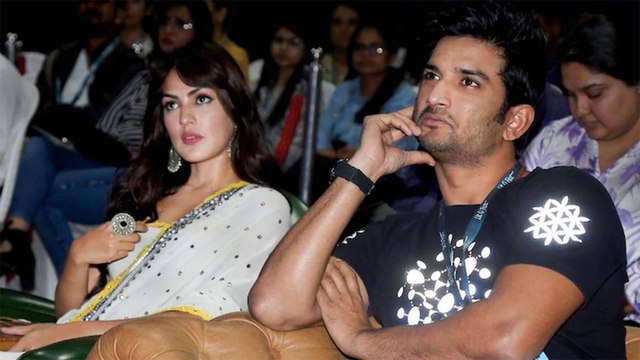 Was Sushant Singh drugged by Rhea Chakraborty?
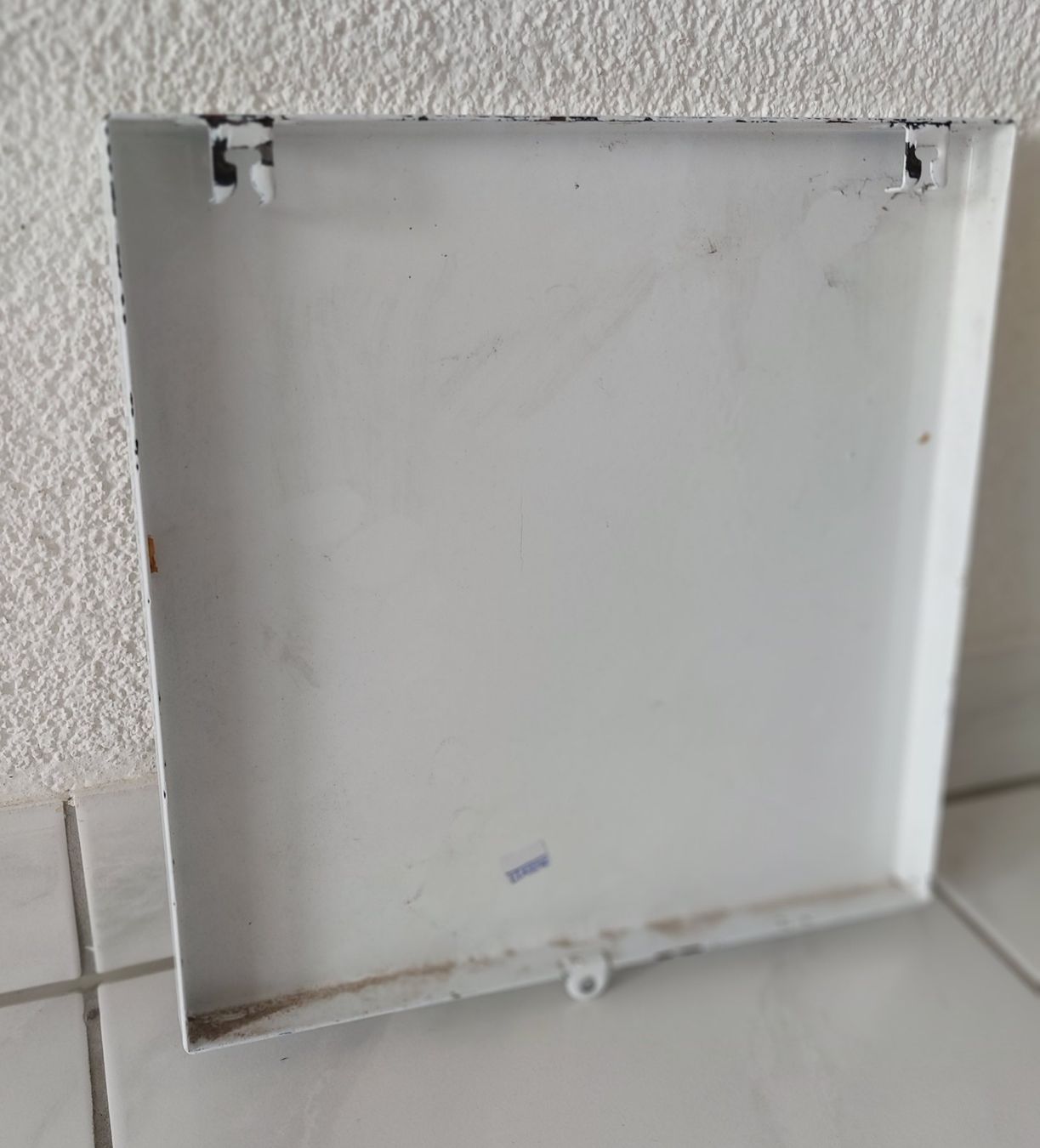 Feldschlösschen Schilder: Emailschild Gast im Schloss Plaque émaillée – Gebraucht aus Schenkon von TG10 2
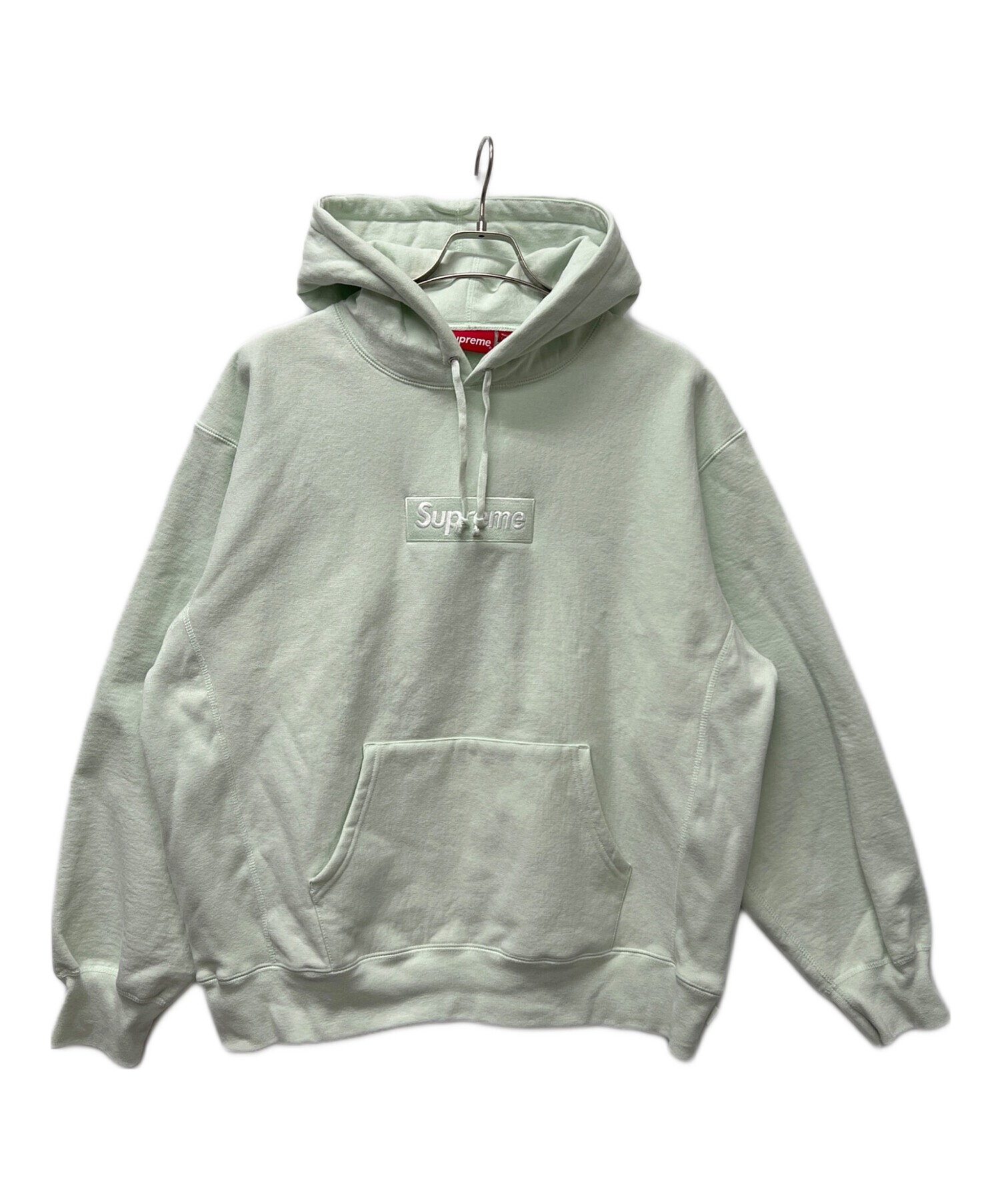 中古・古着通販】SUPREME (シュプリーム) ボックスロゴフード 中古・古着通販】SUPREME (シュプリーム) ボックスロゴフード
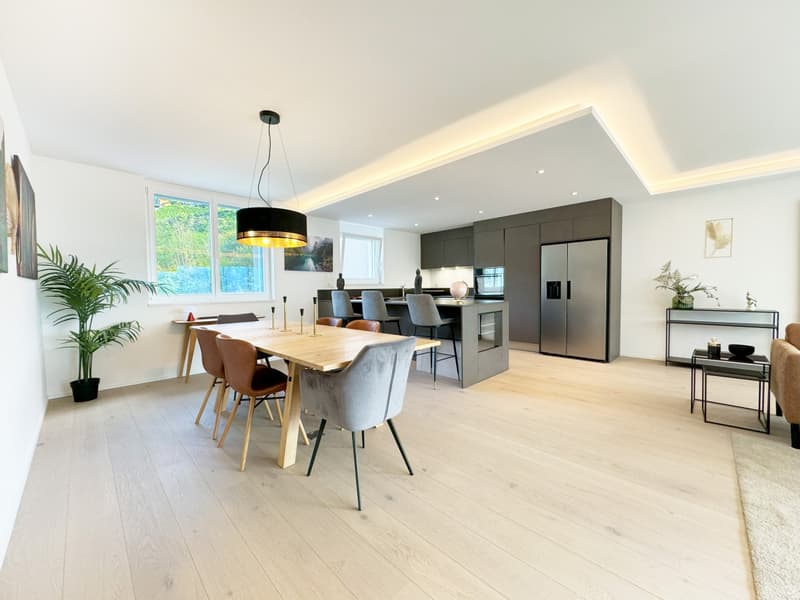APARTMENT 4.5 ROOMS OF HIGH STANDARD - GLAZED TERRACE & PRIVILEGED LIVING ENVIRONMENT IN SAXON (1)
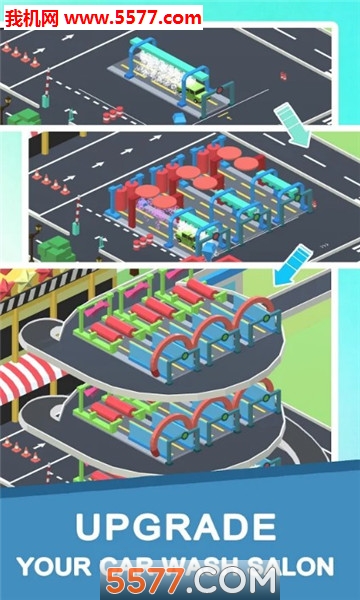 洗车沙龙游戏下载-洗车沙龙安卓版(Car Wash Salon Tycoon Game)下载 v1.01 遊戲截圖 1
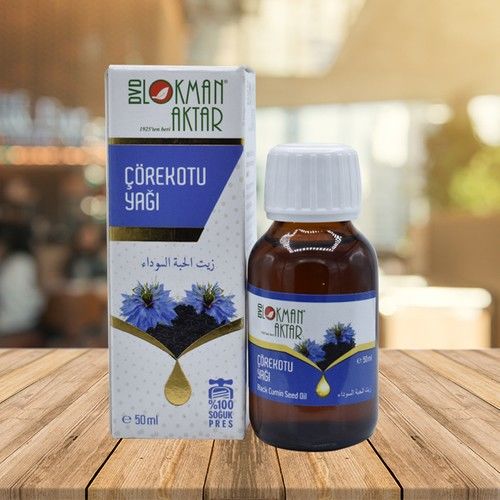 Lokman Aktar Çörek Otu Yağı 50 ml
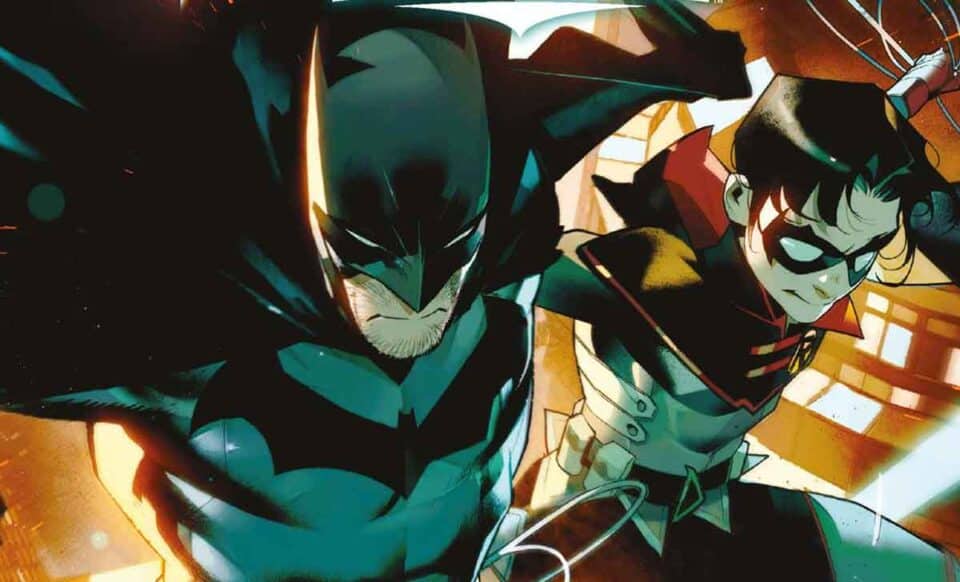 batman y robin núm. 1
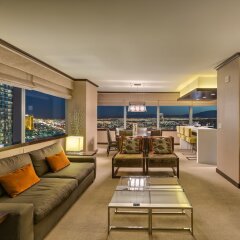 Отель Luxury Suites International by Vdara США, Лас-Вегас - отзывы, цены и фото номеров - забронировать отель Luxury Suites International by Vdara онлайн комната для гостей фото 2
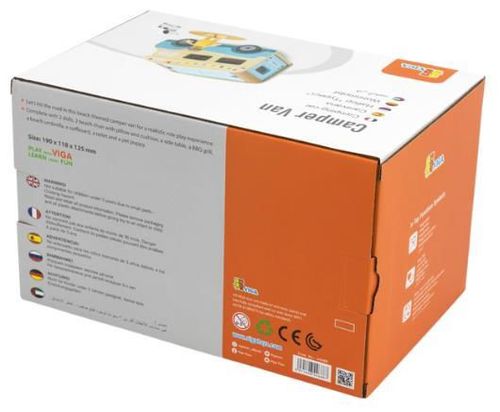 купить Игрушка Viga 44688 Set de Joacă Camper cu figurine și accesorii в Кишинёве 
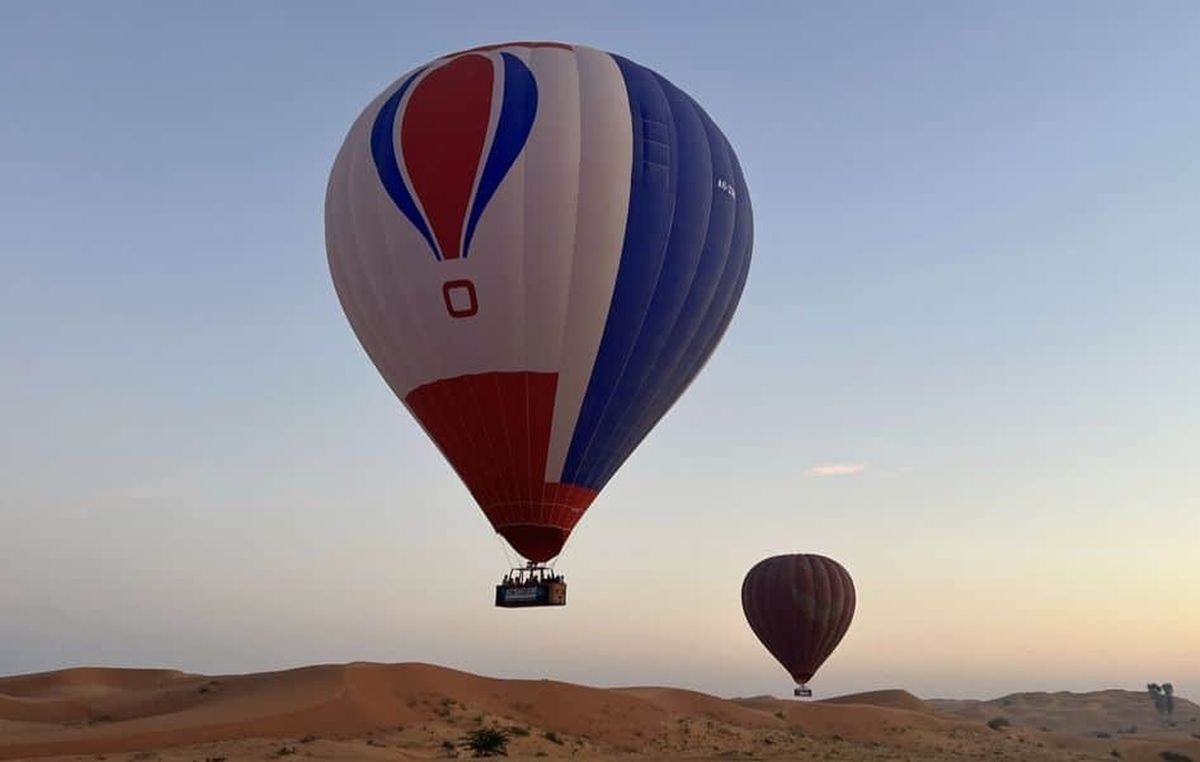 Hot Air Balloon Ras Al Khaimah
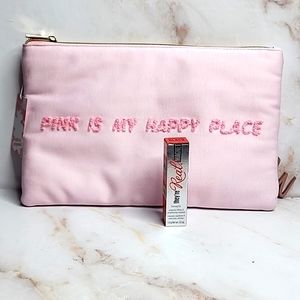 Benefit pouch and mascara new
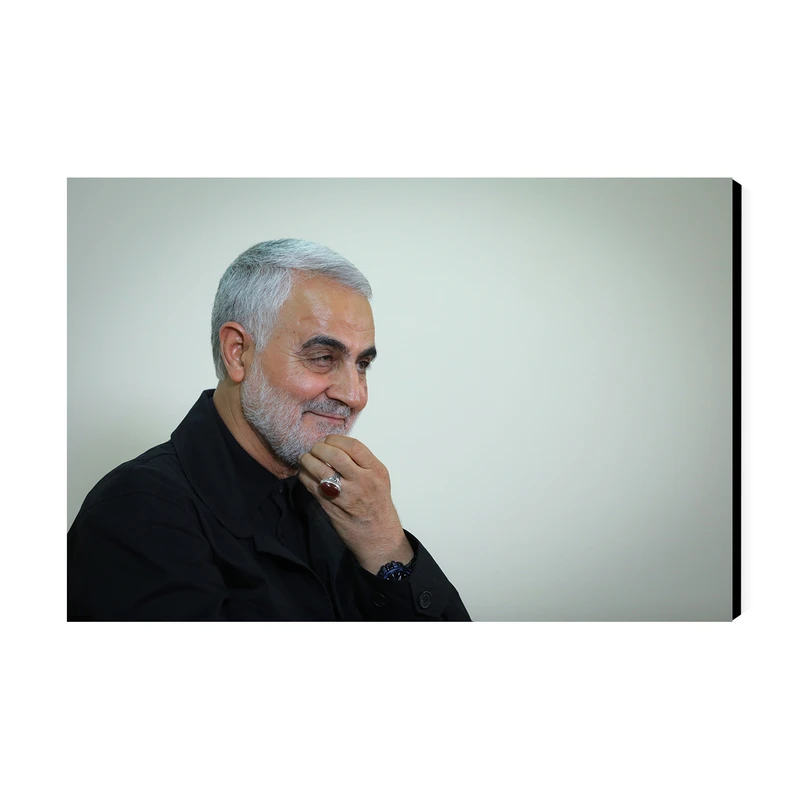 تابلو شاسی طرح سردار سلیمانی مدل As628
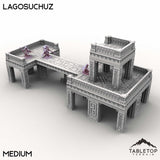 Tabletop Terrain Building Lagosuchuz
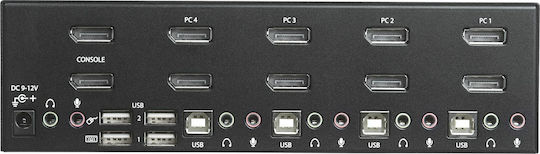 StarTech KVM & Data Switch SV431DPDDUA2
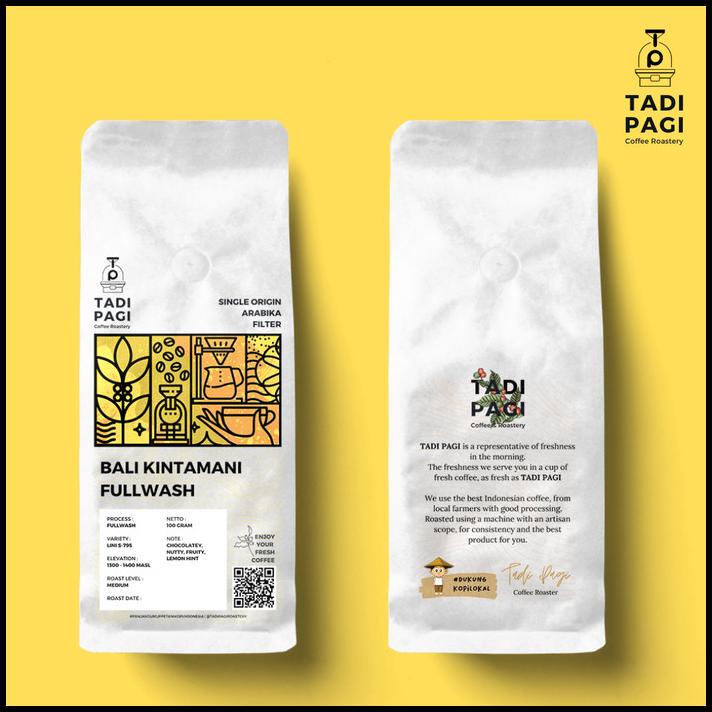 

Arabika Bali Kintamani 200 Gr Roast Bean Coffee - Kopi Biji Matang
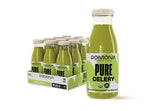Pomona Pure Celery Juice in an 8.4 oz bottle with a refreshed, natural flavor.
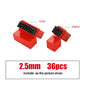 Letter & Number Stamp Punch Set - Hardened Steel for Metal, Wood, Leather (A-Z, 0-9)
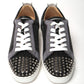 Black/Silver Version Louis Junior Spikes Shoes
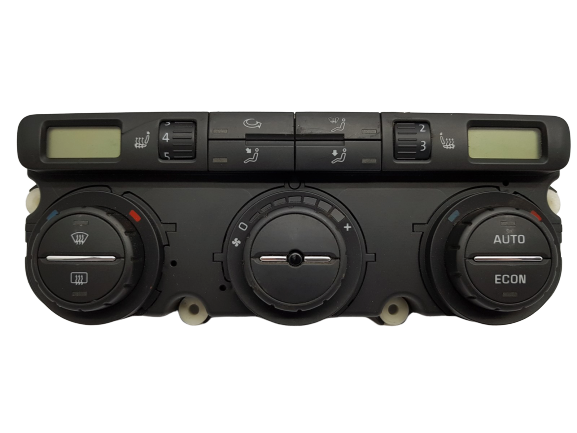 Heater Control Unit Skoda Octavia 2 74241060 742-410-60 6206 main product photo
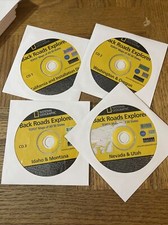 National Geographic Back Roads Explorer PC Software MISSING DISC 14 picture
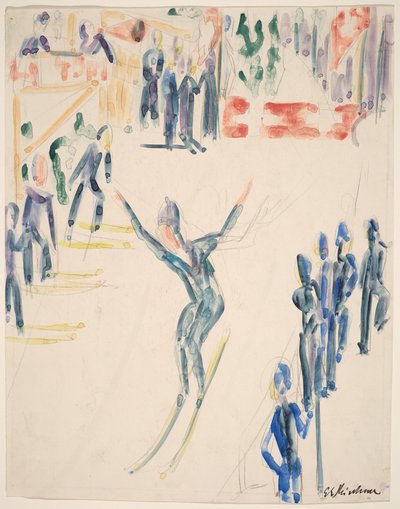  von Ernst Ludwig Kirchner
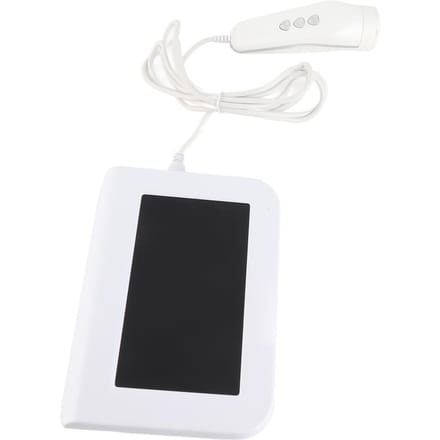 7 inch Oplaadbaar Type Hoofdhuid Haarzakje Huid Haar Detector Analyse Machine 100-240V EU Plug white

---+---

Everything from the line containing "StarTech KVM & Data Switch SV431DPDDUA2" to the last line of the records above should be reproduced exactly, except the pictures.

- _Result_
 StarTech KVM & Data Switch SV431DPDDUA2

Arabika Bali Kintamani 200 Gr Roast Bean Coffee - Kopi Biji Matang
Pomona Pure Celery Juice in an 8.4 oz bottle with a refreshed, natural flavor.
 Letter & Number Stamp Punch Set - Hardened Steel for Metal, Wood, Leather (A-Z, 0-9)
 Black/Silver Version Louis Junior Spikes Shoes
 Heater Control Unit Skoda Octavia 2 74241060 742-410-60 6206 main product photo
 National Geographic Back Roads Explorer PC Software MISSING DISC 14 picture
  von Ernst Ludwig Kirchner
 7 inch Oplaadbaar Type Hoofdhuid Haarzakje Huid Haar Detector Analyse Machine 100-240V EU Plug white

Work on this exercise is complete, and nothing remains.